Abstract
Cellular plasticity is a state in which cancer cells exist along a reversible phenotypic spectrum, and underlies key traits such as drug resistance and metastasis. Melanoma plasticity is linked to phenotype switching, where the microenvironment induces switches between invasive/MITFLO versus proliferative/MITFHI states. Since MITF also induces pigmentation, we hypothesize that macrometastatic success should be favoured by microenvironments that induce a MITFHI/differentiated/proliferative state. Zebrafish imaging demonstrates that after extravasation, melanoma cells become pigmented and enact a gene expression program of melanocyte differentiation. We screened for microenvironmental factors leading to phenotype switching, and find that EDN3 induces a state that is both proliferative and differentiated.

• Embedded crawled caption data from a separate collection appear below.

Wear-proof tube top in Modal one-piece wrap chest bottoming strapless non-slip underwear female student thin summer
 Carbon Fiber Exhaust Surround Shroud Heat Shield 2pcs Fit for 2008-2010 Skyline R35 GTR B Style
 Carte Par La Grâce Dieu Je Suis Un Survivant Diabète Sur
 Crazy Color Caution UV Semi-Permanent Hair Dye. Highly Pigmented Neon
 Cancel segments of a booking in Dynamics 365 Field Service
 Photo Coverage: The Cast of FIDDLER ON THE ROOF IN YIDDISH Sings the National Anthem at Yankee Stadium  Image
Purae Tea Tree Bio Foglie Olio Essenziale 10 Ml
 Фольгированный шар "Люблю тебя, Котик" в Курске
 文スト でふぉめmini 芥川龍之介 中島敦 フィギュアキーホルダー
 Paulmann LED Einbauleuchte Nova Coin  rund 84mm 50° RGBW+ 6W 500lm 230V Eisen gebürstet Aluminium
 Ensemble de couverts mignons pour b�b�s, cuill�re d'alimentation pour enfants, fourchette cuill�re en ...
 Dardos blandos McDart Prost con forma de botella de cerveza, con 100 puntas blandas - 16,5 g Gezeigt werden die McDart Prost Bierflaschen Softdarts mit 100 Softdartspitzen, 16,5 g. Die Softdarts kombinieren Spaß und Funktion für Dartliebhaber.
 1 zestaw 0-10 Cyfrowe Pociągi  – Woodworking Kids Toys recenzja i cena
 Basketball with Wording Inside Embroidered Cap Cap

CRISPR-mediated inactivation of EDN3, or its synthetic enzyme ECE2, from the microenvironment abrogates phenotype switching and increases animal survival. These results demonstrate that after metastatic dissemination, the microenvironment provides signals to promote phenotype switching and provide proof that targeting tumour cell plasticity is a viable therapeutic opportunity.
Highlights
Cellular plasticity is a state in which cancer cells exist along a reversible phenotypic spectrum, and underlies key traits such as drug resistance and metastasis
As switches between the invasive/MITFLO versus proliferative/ MITFHI states are posited to be due to microenvironmental factors, this would paradoxically imply that microenvironments which promote the differentiated cell state would be most strongly associated with metastatic success[4]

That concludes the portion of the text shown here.